— Problem to work on —
Set down every entry again, exactly as it appears.

......

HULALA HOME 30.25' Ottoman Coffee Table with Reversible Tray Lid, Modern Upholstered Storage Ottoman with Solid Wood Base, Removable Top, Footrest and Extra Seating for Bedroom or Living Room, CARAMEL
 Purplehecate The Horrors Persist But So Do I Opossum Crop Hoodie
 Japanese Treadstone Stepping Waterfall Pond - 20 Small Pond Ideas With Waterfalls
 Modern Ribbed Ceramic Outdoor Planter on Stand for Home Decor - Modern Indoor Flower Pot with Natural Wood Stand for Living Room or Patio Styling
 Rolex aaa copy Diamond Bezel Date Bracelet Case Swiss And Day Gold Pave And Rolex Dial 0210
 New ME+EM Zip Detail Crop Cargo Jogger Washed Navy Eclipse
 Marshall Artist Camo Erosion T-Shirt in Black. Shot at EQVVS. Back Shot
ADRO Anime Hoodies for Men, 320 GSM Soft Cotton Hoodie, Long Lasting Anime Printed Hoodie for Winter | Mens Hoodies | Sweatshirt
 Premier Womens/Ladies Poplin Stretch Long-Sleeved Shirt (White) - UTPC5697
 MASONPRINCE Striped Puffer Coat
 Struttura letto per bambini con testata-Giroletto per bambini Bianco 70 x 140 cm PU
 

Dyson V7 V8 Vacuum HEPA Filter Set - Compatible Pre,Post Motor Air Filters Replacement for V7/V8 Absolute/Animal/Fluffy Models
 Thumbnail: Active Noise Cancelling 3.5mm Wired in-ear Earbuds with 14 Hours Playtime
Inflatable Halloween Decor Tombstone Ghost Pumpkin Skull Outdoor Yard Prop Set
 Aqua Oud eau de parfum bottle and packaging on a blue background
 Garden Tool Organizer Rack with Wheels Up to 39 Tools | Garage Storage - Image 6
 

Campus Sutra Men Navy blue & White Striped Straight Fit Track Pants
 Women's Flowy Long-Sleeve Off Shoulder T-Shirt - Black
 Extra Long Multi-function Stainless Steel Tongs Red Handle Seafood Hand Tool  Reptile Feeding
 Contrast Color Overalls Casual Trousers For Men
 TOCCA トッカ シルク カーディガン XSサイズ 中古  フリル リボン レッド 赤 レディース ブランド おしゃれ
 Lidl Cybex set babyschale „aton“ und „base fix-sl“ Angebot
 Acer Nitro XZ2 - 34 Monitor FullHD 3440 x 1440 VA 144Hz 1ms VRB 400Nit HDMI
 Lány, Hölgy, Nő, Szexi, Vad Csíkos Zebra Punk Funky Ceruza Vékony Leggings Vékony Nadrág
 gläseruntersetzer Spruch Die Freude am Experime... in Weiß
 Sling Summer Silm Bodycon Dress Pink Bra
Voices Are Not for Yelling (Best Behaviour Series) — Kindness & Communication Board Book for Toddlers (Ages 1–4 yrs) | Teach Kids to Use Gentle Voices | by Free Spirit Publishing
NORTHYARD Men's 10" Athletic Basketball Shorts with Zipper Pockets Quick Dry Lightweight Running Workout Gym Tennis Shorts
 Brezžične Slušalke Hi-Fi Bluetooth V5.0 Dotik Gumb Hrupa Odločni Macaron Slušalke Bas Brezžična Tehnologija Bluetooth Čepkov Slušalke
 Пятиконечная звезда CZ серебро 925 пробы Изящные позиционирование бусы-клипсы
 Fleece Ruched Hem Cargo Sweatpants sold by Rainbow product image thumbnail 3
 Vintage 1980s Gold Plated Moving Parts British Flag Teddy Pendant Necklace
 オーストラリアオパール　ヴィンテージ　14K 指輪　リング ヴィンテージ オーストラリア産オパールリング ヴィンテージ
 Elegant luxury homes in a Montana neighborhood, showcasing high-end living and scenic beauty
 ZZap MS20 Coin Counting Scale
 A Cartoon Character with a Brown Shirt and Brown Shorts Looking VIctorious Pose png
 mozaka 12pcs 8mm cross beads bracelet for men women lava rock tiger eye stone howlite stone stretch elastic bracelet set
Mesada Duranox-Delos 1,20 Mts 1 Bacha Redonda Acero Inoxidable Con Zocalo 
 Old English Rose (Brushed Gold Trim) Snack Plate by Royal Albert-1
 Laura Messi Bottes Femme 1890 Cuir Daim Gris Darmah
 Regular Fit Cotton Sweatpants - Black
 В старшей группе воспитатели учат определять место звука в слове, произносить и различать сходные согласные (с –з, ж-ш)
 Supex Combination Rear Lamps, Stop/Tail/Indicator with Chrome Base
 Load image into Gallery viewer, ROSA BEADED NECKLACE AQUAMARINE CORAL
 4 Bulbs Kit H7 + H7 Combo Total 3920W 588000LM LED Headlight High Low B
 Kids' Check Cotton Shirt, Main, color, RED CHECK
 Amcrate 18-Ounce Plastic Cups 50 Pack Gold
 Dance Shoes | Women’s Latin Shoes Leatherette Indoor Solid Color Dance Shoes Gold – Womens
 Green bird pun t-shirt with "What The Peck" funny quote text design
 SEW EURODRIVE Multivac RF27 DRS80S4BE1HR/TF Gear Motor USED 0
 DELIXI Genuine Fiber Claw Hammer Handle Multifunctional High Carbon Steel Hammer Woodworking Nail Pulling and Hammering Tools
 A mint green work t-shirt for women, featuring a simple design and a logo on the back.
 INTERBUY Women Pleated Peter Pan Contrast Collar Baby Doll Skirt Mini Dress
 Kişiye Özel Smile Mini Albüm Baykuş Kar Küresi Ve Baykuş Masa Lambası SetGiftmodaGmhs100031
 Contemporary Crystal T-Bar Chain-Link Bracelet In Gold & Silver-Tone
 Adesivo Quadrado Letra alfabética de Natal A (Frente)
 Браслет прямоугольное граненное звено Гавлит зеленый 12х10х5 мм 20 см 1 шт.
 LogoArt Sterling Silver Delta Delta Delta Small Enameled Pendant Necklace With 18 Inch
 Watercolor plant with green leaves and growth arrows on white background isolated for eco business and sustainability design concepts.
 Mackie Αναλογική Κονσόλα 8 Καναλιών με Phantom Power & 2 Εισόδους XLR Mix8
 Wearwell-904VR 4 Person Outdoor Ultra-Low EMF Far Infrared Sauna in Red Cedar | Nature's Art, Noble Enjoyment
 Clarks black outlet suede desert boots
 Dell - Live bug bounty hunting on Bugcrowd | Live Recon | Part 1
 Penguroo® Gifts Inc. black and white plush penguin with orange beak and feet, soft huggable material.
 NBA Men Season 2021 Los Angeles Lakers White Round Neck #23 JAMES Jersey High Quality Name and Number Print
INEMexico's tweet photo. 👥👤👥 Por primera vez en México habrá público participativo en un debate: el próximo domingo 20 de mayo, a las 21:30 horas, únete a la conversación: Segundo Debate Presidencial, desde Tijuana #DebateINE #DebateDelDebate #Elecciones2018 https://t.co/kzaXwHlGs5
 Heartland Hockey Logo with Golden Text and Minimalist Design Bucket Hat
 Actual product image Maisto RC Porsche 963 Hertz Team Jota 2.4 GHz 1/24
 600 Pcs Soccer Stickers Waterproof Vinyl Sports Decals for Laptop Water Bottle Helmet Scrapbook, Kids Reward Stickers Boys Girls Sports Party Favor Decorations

......

— Response to this exercise —
HULALA HOME 30.25' Ottoman Coffee Table with Reversible Tray Lid, Modern Upholstered Storage Ottoman with Solid Wood Base, Removable Top, Footrest and Extra Seating for Bedroom or Living Room, CARAMEL
 Purplehecate The Horrors Persist But So Do I Opossum Crop Hoodie
 Japanese Treadstone Stepping Waterfall Pond - 20 Small Pond Ideas With Waterfalls
 Modern Ribbed Ceramic Outdoor Planter on Stand for Home Decor - Modern Indoor Flower Pot with Natural Wood Stand for Living Room or Patio Styling
 Rolex aaa copy Diamond Bezel Date Bracelet Case Swiss And Day Gold Pave And Rolex Dial 0210
 New ME+EM Zip Detail Crop Cargo Jogger Washed Navy Eclipse
 Marshall Artist Camo Erosion T-Shirt in Black. Shot at EQVVS. Back Shot
ADRO Anime Hoodies for Men, 320 GSM Soft Cotton Hoodie, Long Lasting Anime Printed Hoodie for Winter | Mens Hoodies | Sweatshirt
 Premier Womens/Ladies Poplin Stretch Long-Sleeved Shirt (White) - UTPC5697
 MASONPRINCE Striped Puffer Coat
 Struttura letto per bambini con testata-Giroletto per bambini Bianco 70 x 140 cm PU
 

Dyson V7 V8 Vacuum HEPA Filter Set - Compatible Pre,Post Motor Air Filters Replacement for V7/V8 Absolute/Animal/Fluffy Models
 Thumbnail: Active Noise Cancelling 3.5mm Wired in-ear Earbuds with 14 Hours Playtime
Inflatable Halloween Decor Tombstone Ghost Pumpkin Skull Outdoor Yard Prop Set
 Aqua Oud eau de parfum bottle and packaging on a blue background
 Garden Tool Organizer Rack with Wheels Up to 39 Tools | Garage Storage - Image 6
 

Campus Sutra Men Navy blue & White Striped Straight Fit Track Pants
 Women's Flowy Long-Sleeve Off Shoulder T-Shirt - Black
 Extra Long Multi-function Stainless Steel Tongs Red Handle Seafood Hand Tool  Reptile Feeding
 Contrast Color Overalls Casual Trousers For Men
 TOCCA トッカ シルク カーディガン XSサイズ 中古  フリル リボン レッド 赤 レディース ブランド おしゃれ
 Lidl Cybex set babyschale „aton“ und „base fix-sl“ Angebot
 Acer Nitro XZ2 - 34 Monitor FullHD 3440 x 1440 VA 144Hz 1ms VRB 400Nit HDMI
 Lány, Hölgy, Nő, Szexi, Vad Csíkos Zebra Punk Funky Ceruza Vékony Leggings Vékony Nadrág
 gläseruntersetzer Spruch Die Freude am Experime... in Weiß
 Sling Summer Silm Bodycon Dress Pink Bra
Voices Are Not for Yelling (Best Behaviour Series) — Kindness & Communication Board Book for Toddlers (Ages 1–4 yrs) | Teach Kids to Use Gentle Voices | by Free Spirit Publishing
NORTHYARD Men's 10" Athletic Basketball Shorts with Zipper Pockets Quick Dry Lightweight Running Workout Gym Tennis Shorts
 Brezžične Slušalke Hi-Fi Bluetooth V5.0 Dotik Gumb Hrupa Odločni Macaron Slušalke Bas Brezžična Tehnologija Bluetooth Čepkov Slušalke
 Пятиконечная звезда CZ серебро 925 пробы Изящные позиционирование бусы-клипсы
 Fleece Ruched Hem Cargo Sweatpants sold by Rainbow product image thumbnail 3
 Vintage 1980s Gold Plated Moving Parts British Flag Teddy Pendant Necklace
 オーストラリアオパール　ヴィンテージ　14K 指輪　リング ヴィンテージ オーストラリア産オパールリング ヴィンテージ
 Elegant luxury homes in a Montana neighborhood, showcasing high-end living and scenic beauty
 ZZap MS20 Coin Counting Scale
 A Cartoon Character with a Brown Shirt and Brown Shorts Looking VIctorious Pose png
 mozaka 12pcs 8mm cross beads bracelet for men women lava rock tiger eye stone howlite stone stretch elastic bracelet set
Mesada Duranox-Delos 1,20 Mts 1 Bacha Redonda Acero Inoxidable Con Zocalo 
 Old English Rose (Brushed Gold Trim) Snack Plate by Royal Albert-1
 Laura Messi Bottes Femme 1890 Cuir Daim Gris Darmah
 Regular Fit Cotton Sweatpants - Black
 В старшей группе воспитатели учат определять место звука в слове, произносить и различать сходные согласные (с –з, ж-ш)
 Supex Combination Rear Lamps, Stop/Tail/Indicator with Chrome Base
 Load image into Gallery viewer, ROSA BEADED NECKLACE AQUAMARINE CORAL
 4 Bulbs Kit H7 + H7 Combo Total 3920W 588000LM LED Headlight High Low B
 Kids' Check Cotton Shirt, Main, color, RED CHECK
 Amcrate 18-Ounce Plastic Cups 50 Pack Gold
 Dance Shoes | Women’s Latin Shoes Leatherette Indoor Solid Color Dance Shoes Gold – Womens
 Green bird pun t-shirt with "What The Peck" funny quote text design
 SEW EURODRIVE Multivac RF27 DRS80S4BE1HR/TF Gear Motor USED 0
 DELIXI Genuine Fiber Claw Hammer Handle Multifunctional High Carbon Steel Hammer Woodworking Nail Pulling and Hammering Tools
 A mint green work t-shirt for women, featuring a simple design and a logo on the back.
 INTERBUY Women Pleated Peter Pan Contrast Collar Baby Doll Skirt Mini Dress
 Kişiye Özel Smile Mini Albüm Baykuş Kar Küresi Ve Baykuş Masa Lambası SetGiftmodaGmhs100031
 Contemporary Crystal T-Bar Chain-Link Bracelet In Gold & Silver-Tone
 Adesivo Quadrado Letra alfabética de Natal A (Frente)
 Браслет прямоугольное граненное звено Гавлит зеленый 12х10х5 мм 20 см 1 шт.
 LogoArt Sterling Silver Delta Delta Delta Small Enameled Pendant Necklace With 18 Inch
 Watercolor plant with green leaves and growth arrows on white background isolated for eco business and sustainability design concepts.
 Mackie Αναλογική Κονσόλα 8 Καναλιών με Phantom Power & 2 Εισόδους XLR Mix8
 Wearwell-904VR 4 Person Outdoor Ultra-Low EMF Far Infrared Sauna in Red Cedar | Nature's Art, Noble Enjoyment
 Clarks black outlet suede desert boots
 Dell - Live bug bounty hunting on Bugcrowd | Live Recon | Part 1
 Penguroo® Gifts Inc. black and white plush penguin with orange beak and feet, soft huggable material.
 NBA Men Season 2021 Los Angeles Lakers White Round Neck #23 JAMES Jersey High Quality Name and Number Print
INEMexico's tweet photo. 👥👤👥 Por primera vez en México habrá público participativo en un debate: el próximo domingo 20 de mayo, a las 21:30 horas, únete a la conversación: Segundo Debate Presidencial, desde Tijuana #DebateINE #DebateDelDebate #Elecciones2018 https://t.co/kzaXwHlGs5
 Heartland Hockey Logo with Golden Text and Minimalist Design Bucket Hat
 Actual product image Maisto RC Porsche 963 Hertz Team Jota 2.4 GHz 1/24
 600 Pcs Soccer Stickers Waterproof Vinyl Sports Decals for Laptop Water Bottle Helmet Scrapbook, Kids Reward Stickers Boys Girls Sports Party Favor Decorations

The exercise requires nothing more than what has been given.